Shachar Shemesh wanted to let everyone know he plans on organizing a key signing party at WineConf:

Last year's raving success (I exchanged keys with Marcus) gives appetite for more.

So, if you always wanted to have a PGP key that most of the free software will know [1]. If you wanted to be able to carry out encrypted secure conversations online. Or if you just want a chance to brag about what well connected key you have [2].

We will (try) to hold a PGP key signing party at wineconf this year. In order to participate, it is positively absolutely necessary that you:

  1. Have a PGP key. You can generate one for yourself using gpg.
  2. Send the PGP key finger print to me AT LEAST A WEEK BEFORE THE CONFERENCE. Any later then that, and it is not certain that we'll manage to get your key on the printed piece of paper that is necessary for carrying out the party.
  3. Bring a copy you can trust to wineconf, to make sure other people are really signing your key (i.e. - that I'm not pulling anybody's leg).
  4. Bring an identifying ID to wineconf. Two is preferable. Passport or a driver license in a language people can read. If you can only bring one, a passport is definitely preferable.

The full details of what a key signing party is, why are the procedures as they are, and what's so important about *not* signing the keys with your laptop at the party can be found at http://www.cryptnet.net/fdp/crypto/gpg-party.html

Note: No aliases on PGP keys. If your PGP key says "lord master of compiler optimization", then your passport had better say the same or no one will be able to sign your key.

Shachar followed up the next day:

My mistake. I'm going to need both the finger print AND the actual key. Also, if you DON'T want the key published to a key server (I use http://pgp.mit.edu), please let me know well in advance. Obviously, your key will be published to all the people present at the key party. If your name's not there on your email headers, include it in the body. The name must be the same as appears on your formal IDs.

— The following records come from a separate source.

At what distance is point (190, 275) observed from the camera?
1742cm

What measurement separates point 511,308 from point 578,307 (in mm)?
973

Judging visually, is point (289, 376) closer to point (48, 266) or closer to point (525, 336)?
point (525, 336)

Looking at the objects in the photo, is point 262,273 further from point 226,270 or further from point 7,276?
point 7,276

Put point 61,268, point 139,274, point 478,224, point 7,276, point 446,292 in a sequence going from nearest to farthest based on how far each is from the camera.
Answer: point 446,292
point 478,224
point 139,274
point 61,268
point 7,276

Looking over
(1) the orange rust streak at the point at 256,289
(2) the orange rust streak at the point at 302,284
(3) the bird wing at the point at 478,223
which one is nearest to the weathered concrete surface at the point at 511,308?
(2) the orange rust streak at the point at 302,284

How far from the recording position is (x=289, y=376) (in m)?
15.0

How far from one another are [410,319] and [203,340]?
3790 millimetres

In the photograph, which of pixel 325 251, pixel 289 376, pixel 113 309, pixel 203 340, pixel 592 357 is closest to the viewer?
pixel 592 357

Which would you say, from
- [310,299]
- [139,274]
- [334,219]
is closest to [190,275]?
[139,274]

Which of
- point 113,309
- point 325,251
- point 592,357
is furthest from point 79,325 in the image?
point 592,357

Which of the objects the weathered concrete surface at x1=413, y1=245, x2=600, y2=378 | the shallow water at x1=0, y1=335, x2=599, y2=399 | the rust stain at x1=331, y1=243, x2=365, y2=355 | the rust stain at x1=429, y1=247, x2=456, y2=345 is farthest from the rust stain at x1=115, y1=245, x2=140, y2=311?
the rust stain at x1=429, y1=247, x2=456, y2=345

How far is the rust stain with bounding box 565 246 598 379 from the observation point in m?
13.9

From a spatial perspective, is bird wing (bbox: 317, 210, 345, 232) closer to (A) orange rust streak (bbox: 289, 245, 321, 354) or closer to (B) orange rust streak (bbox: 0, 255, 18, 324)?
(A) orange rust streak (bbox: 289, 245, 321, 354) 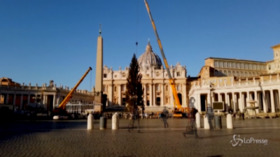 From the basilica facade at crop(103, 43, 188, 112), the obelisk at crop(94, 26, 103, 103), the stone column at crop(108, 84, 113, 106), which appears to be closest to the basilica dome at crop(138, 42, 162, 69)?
the basilica facade at crop(103, 43, 188, 112)

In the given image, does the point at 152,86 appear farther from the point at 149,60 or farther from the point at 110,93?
the point at 149,60

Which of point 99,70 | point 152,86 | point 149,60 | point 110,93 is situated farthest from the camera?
point 149,60

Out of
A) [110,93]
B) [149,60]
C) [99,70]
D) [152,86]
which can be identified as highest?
[149,60]

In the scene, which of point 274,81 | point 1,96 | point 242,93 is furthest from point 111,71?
point 274,81

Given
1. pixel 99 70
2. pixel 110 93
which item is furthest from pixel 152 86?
pixel 99 70

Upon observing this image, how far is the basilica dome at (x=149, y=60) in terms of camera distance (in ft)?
351

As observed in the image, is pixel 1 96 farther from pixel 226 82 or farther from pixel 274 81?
pixel 274 81

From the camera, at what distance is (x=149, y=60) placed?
10844cm

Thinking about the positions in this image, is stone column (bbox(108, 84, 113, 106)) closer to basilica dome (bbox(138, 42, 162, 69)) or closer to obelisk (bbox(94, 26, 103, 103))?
basilica dome (bbox(138, 42, 162, 69))

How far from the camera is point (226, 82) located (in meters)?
58.1

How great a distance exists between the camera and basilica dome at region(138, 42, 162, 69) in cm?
10694

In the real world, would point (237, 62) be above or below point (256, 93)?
above

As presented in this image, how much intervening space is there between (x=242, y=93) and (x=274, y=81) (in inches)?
335

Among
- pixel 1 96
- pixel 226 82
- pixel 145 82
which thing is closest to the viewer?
pixel 226 82
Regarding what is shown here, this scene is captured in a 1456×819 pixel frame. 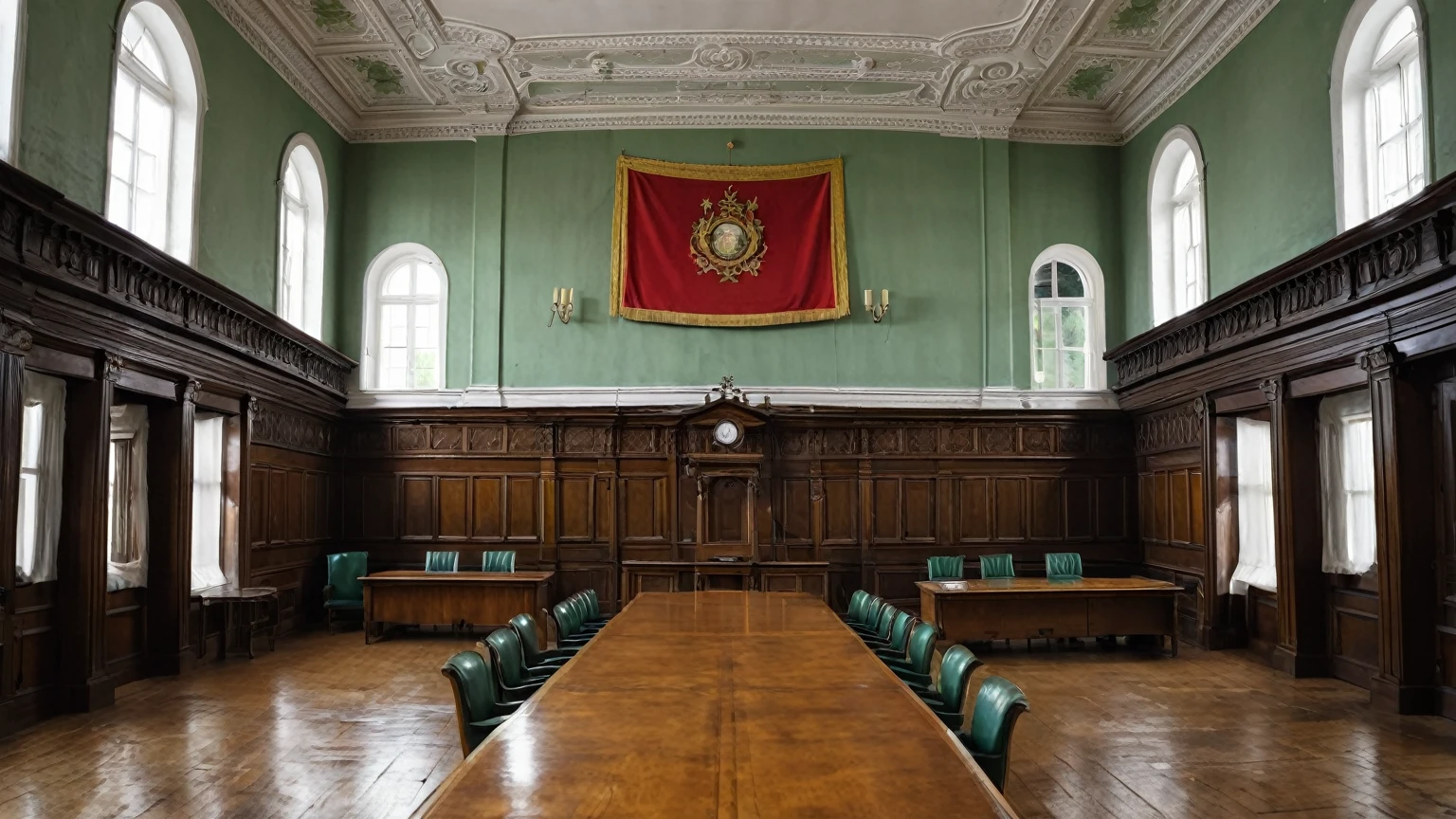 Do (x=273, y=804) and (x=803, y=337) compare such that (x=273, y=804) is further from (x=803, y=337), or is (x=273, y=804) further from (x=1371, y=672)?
(x=803, y=337)

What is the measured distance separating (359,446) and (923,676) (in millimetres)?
9241

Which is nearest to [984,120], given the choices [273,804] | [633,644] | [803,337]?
[803,337]

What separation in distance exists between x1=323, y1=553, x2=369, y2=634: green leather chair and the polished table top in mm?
6414

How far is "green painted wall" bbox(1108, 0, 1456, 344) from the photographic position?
7543 millimetres

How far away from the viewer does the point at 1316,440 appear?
8922mm

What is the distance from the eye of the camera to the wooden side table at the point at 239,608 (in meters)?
9.14

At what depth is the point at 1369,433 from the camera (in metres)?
8.41

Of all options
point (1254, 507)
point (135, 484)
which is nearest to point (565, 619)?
point (135, 484)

The purpose of a pgp signing party is to establish a link between your virtual identity (your key) and your real one (as verified by an ID). For that reason it is impossible to participate by proxy, or under an alias.

Sharon And Joy

Kernel Traffic is grateful to be developed on a computer donated by Professor Greg Benson and Professor Allan Cruse in the Department of Computer Science at the University of San Francisco. This is the same department that invented FlashMob Computing. Kernel Traffic is hosted by the generous folks at kernel.org. All pages on this site are copyright their original authors, and distributed under the terms of the GNU General Public License version 2.0.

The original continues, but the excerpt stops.